→ TASK DESCRIPTION
Reproduce the records word for word, apart from the images they contain.

· · · · ·

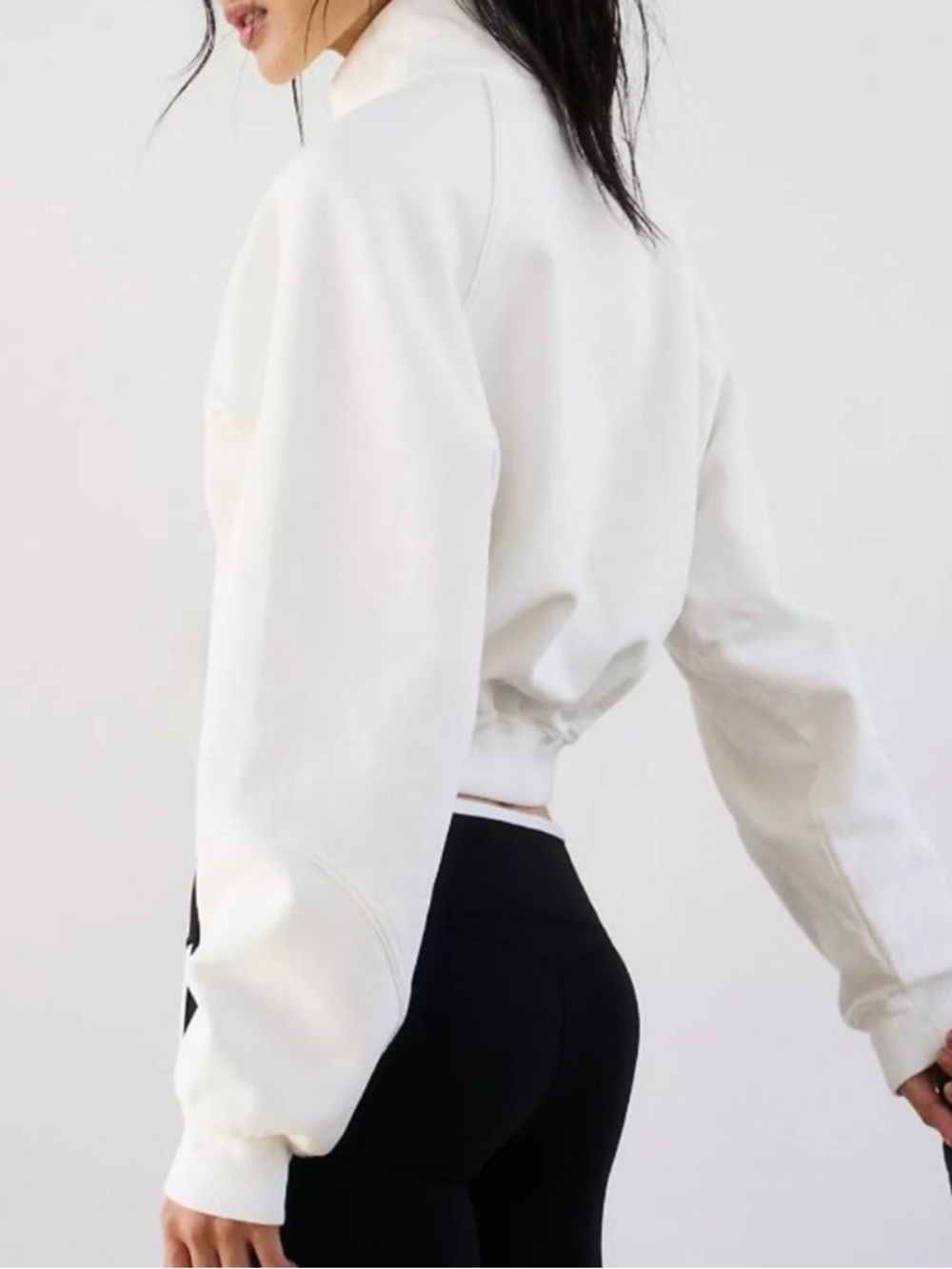 NWT Free People Movement For The Win Logo Half Zip White Burgundy Sweatshirt Med - Picture 3 of 9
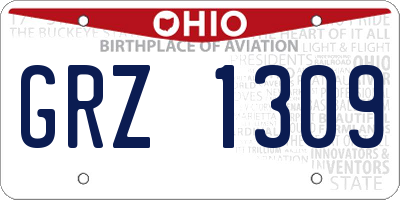 OH license plate GRZ1309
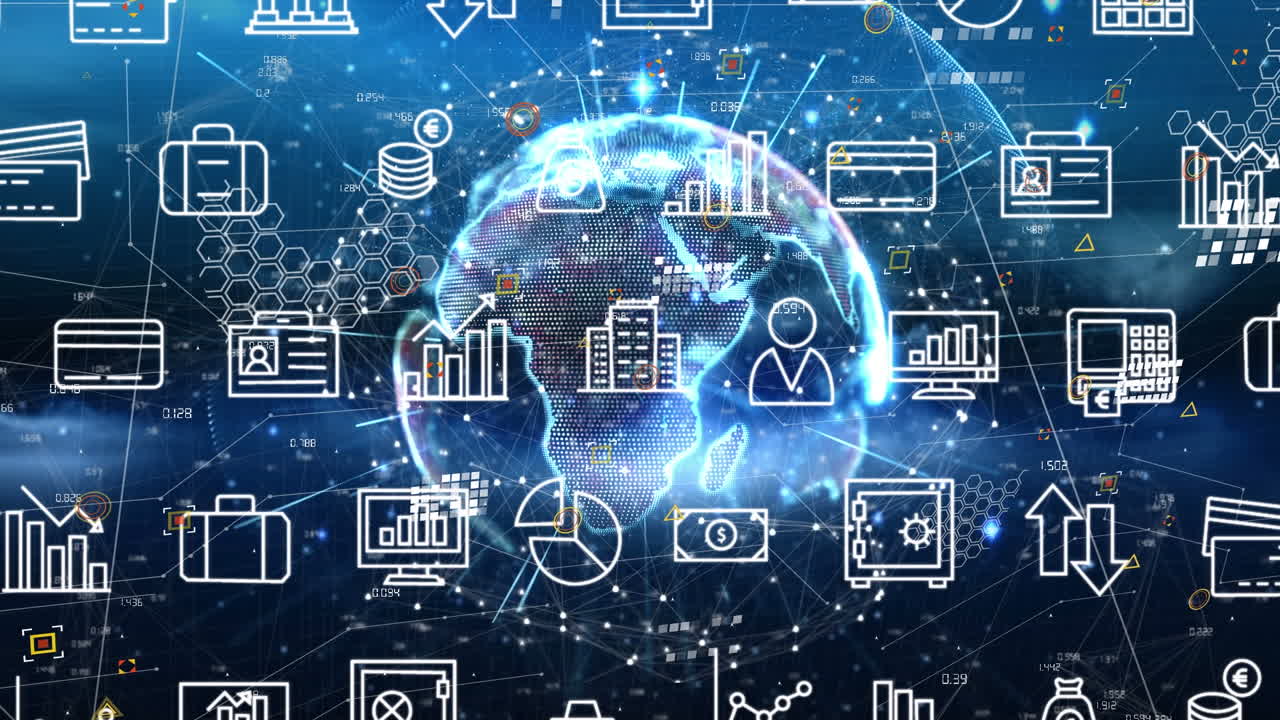 Animation of financial icons moving over globe with connections on navy background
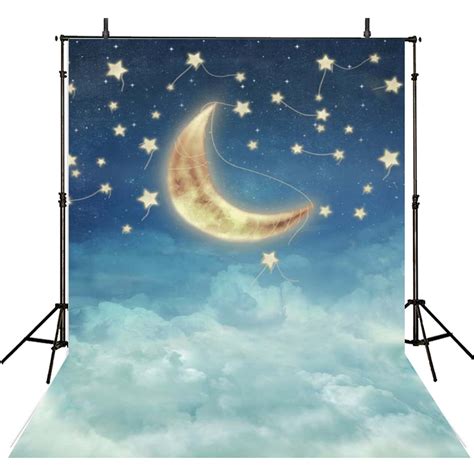 Starry Night Backdrop For Baby Shower Photo Backgrounds Stars And Moon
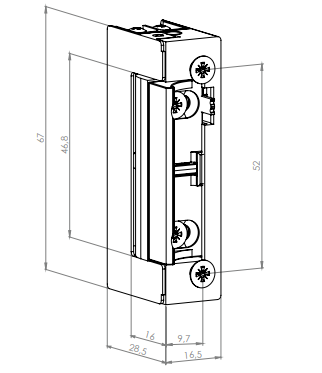 [1410-901G] CERRADERO FAIL SECURE 12V DC. PESTILLO REGULABLE. REVERSIBLE. SIMÉTRICO. CAJA DE 67 mm x 28,5 mm x 16,5 mm (largo x alto x ancho)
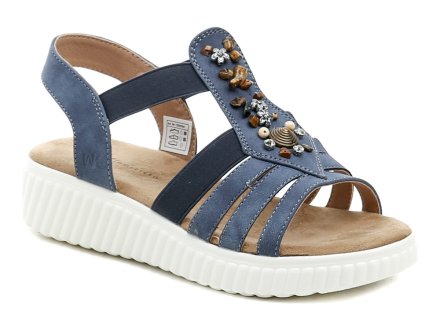 Sommerliche Damen-Laufschuhe mit leichtem Keilabsatz und elastischen Riemen. Die Schuhe bestehen aus einer Kombination aus Textil und Kunstleder.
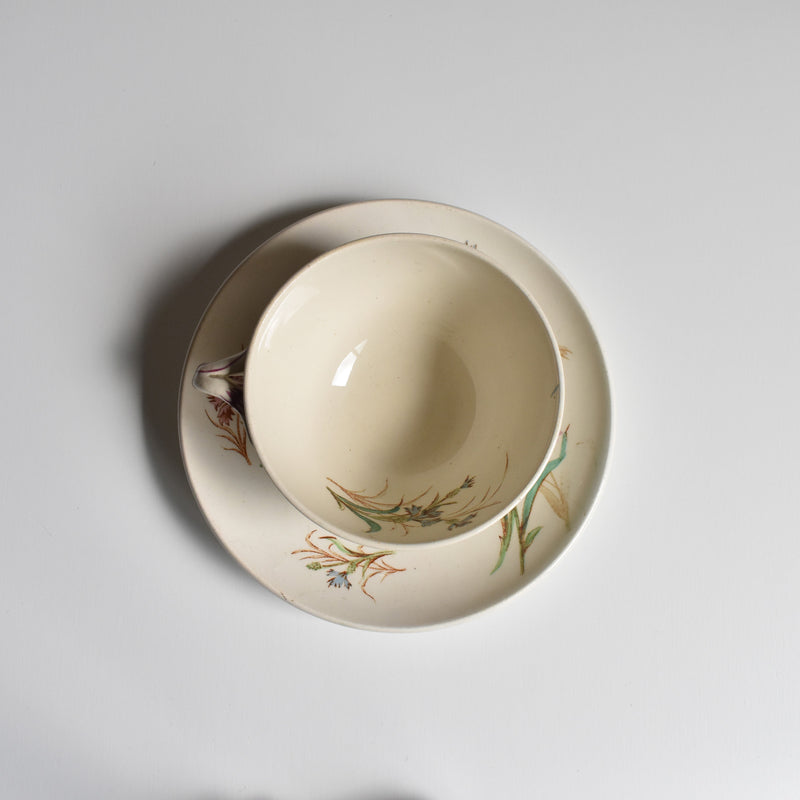 Antique cup and saucer K&G Luneville Bleuet A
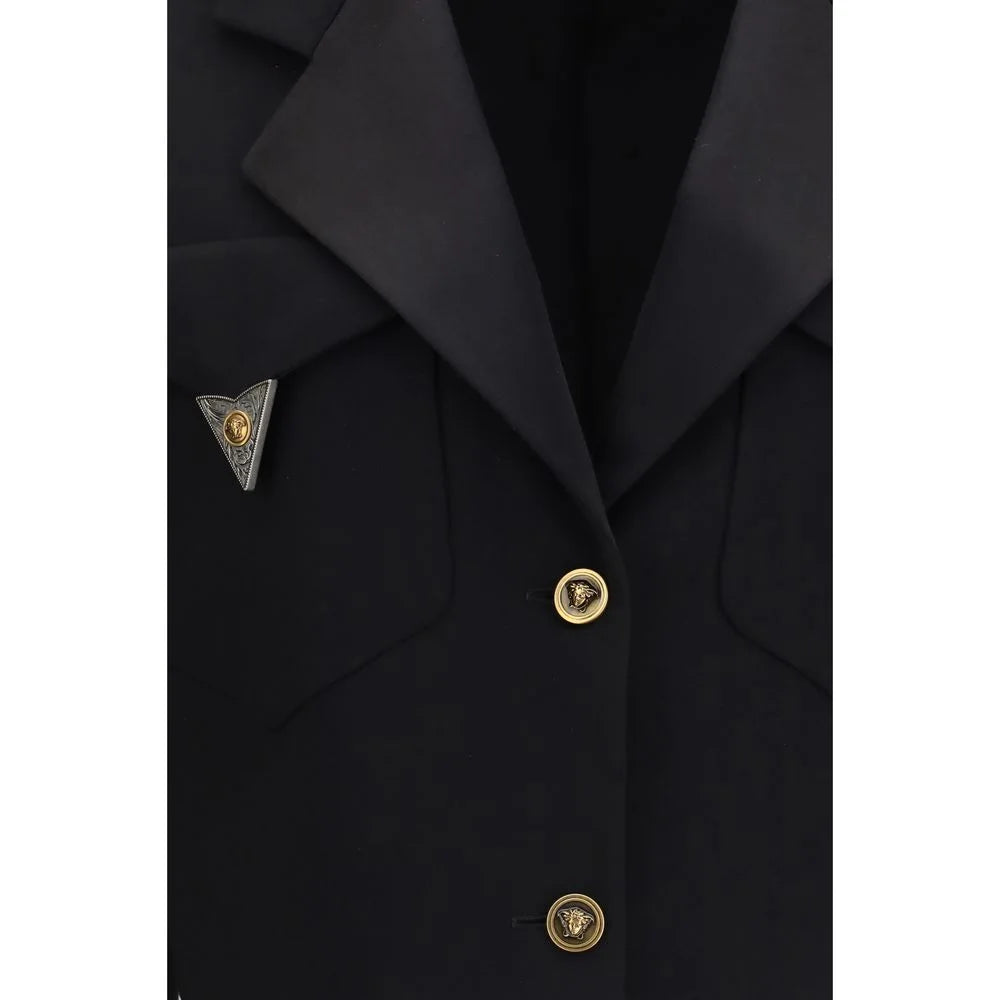 Versace Black Wool Oves Aries Blazer
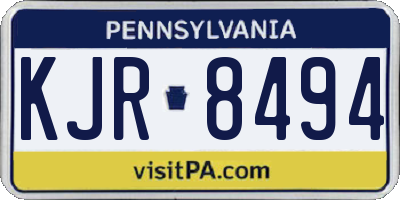 PA license plate KJR8494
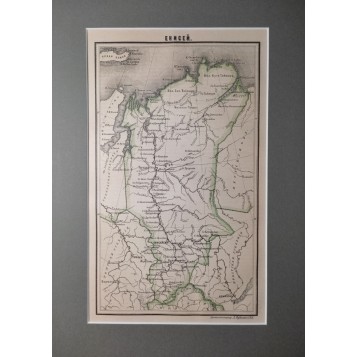Антикварная карта "Река Енисей"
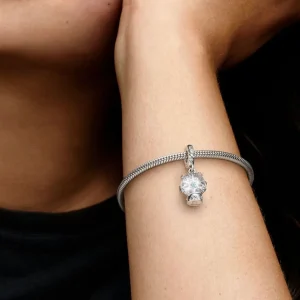 Anhänger*Pandora 792369C01 Charm-Anhänger Damen Schneeflocke Schneekugel Sterling-Silber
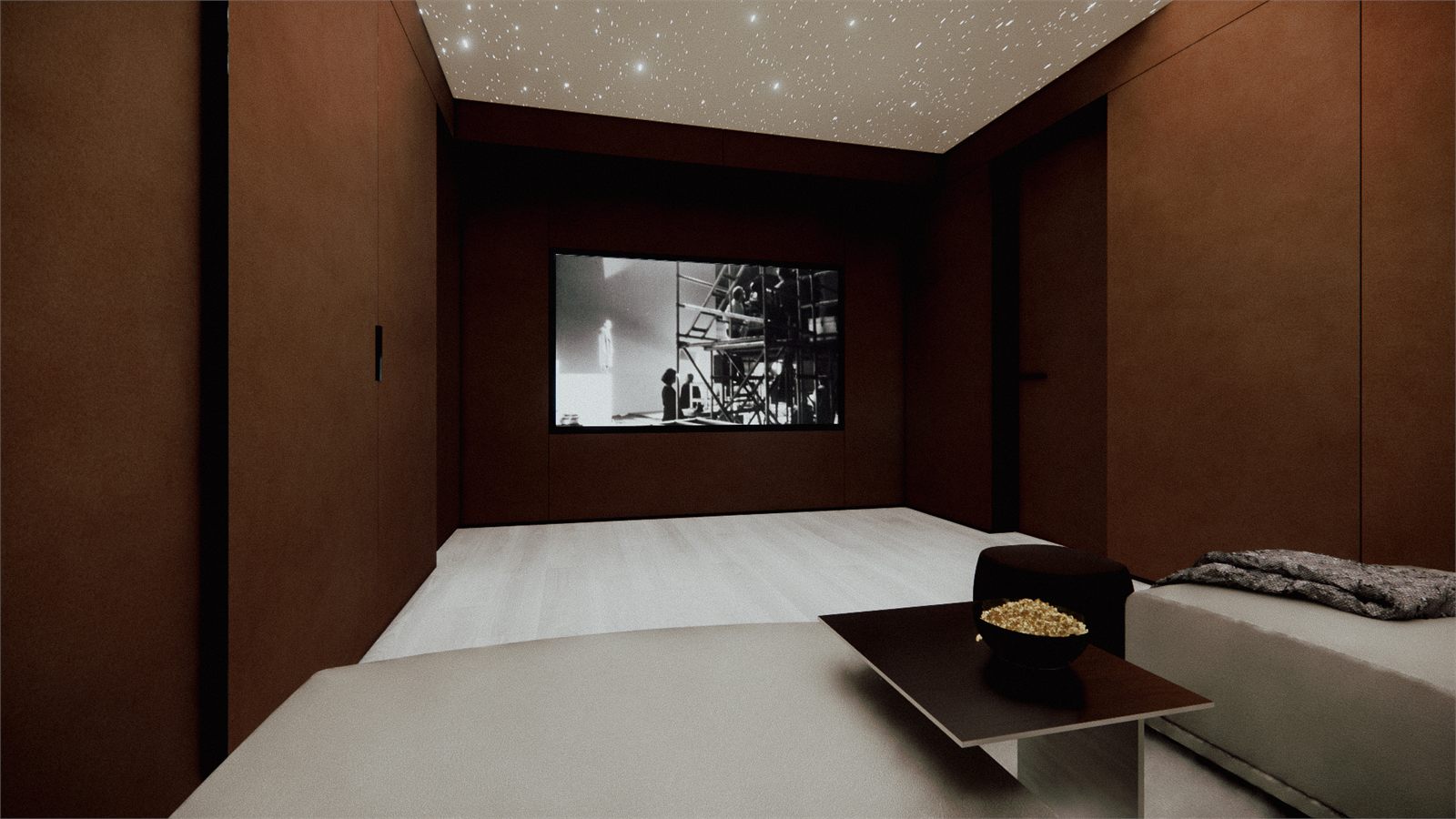 Private cinema lined in warm timber with a star ceiling and a low daybed
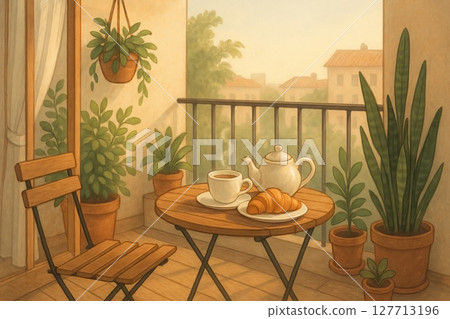 Cozy morning breakfast on balcony with coffee and croissant surrounded by lush potted plants. concept of peaceful start to the day, balcony relaxation, enjoying quiet morning. 127713196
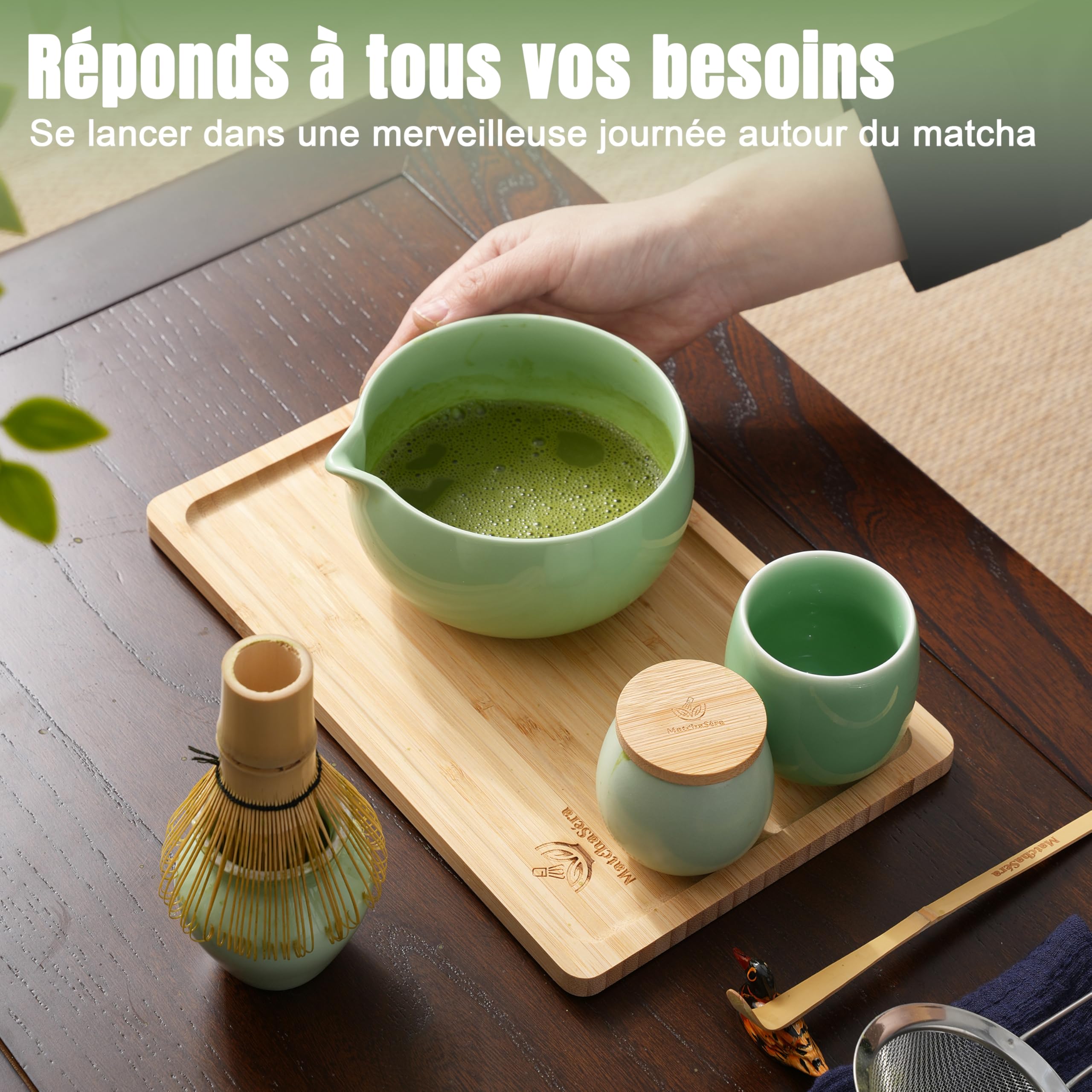 Kit Matcha, Ensemble complet de 10 pièces avec plateau, bol de Matcha japonais, fouet en bambou, support pour fouet, tamis, serviette à thé, récipient à thé, tasse de thé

· · · · ·

→ WRITTEN REPLY
 NWT Free People Movement For The Win Logo Half Zip White Burgundy Sweatshirt Med - Picture 3 of 9
 OH license plate GRZ1309
 Animation of financial icons moving over globe with connections on navy background
 Starry Night Backdrop For Baby Shower Photo Backgrounds Stars And Moon
 [1410-901G] CERRADERO FAIL SECURE 12V DC. PESTILLO REGULABLE. REVERSIBLE. SIMÉTRICO. CAJA DE 67 mm x 28,5 mm x 16,5 mm (largo x alto x ancho)
 Sommerliche Damen-Laufschuhe mit leichtem Keilabsatz und elastischen Riemen. Die Schuhe bestehen aus einer Kombination aus Textil und Kunstleder.
 Antique cup and saucer K&G Luneville Bleuet A
 Versace Black Wool Oves Aries Blazer
 PA license plate KJR8494
Антикварная карта "Река Енисей"
 Anhänger*Pandora 792369C01 Charm-Anhänger Damen Schneeflocke Schneekugel Sterling-Silber
 Private cinema lined in warm timber with a star ceiling and a low daybed
 Cozy morning breakfast on balcony with coffee and croissant surrounded by lush potted plants. concept of peaceful start to the day, balcony relaxation, enjoying quiet morning. 127713196
 Kit Matcha, Ensemble complet de 10 pièces avec plateau, bol de Matcha japonais, fouet en bambou, support pour fouet, tamis, serviette à thé, récipient à thé, tasse de thé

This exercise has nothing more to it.